What the exercise asks - Everything from the line with "Happily Ever After" down to the line with "Bithynia. Nikaia ." below must be printed exactly, those two lines included. Exclude pictures.

Supplied records section start

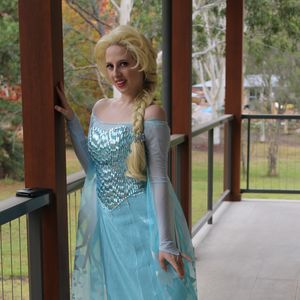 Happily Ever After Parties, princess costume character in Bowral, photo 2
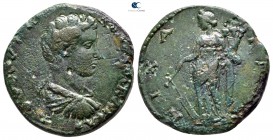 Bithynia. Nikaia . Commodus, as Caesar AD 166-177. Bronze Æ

Supplied records section end
Supplied records section start

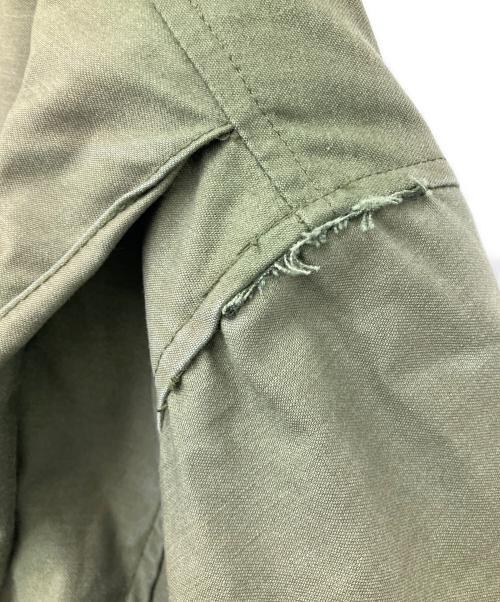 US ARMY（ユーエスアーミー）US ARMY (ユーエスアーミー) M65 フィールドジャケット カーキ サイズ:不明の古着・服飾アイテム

Supplied records section end
Supplied records section start

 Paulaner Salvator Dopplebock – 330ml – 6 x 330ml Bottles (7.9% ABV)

Supplied records section end

Exercise answer -
 Happily Ever After Parties, princess costume character in Bowral, photo 2
 Bithynia. Nikaia . Commodus, as Caesar AD 166-177. Bronze Æ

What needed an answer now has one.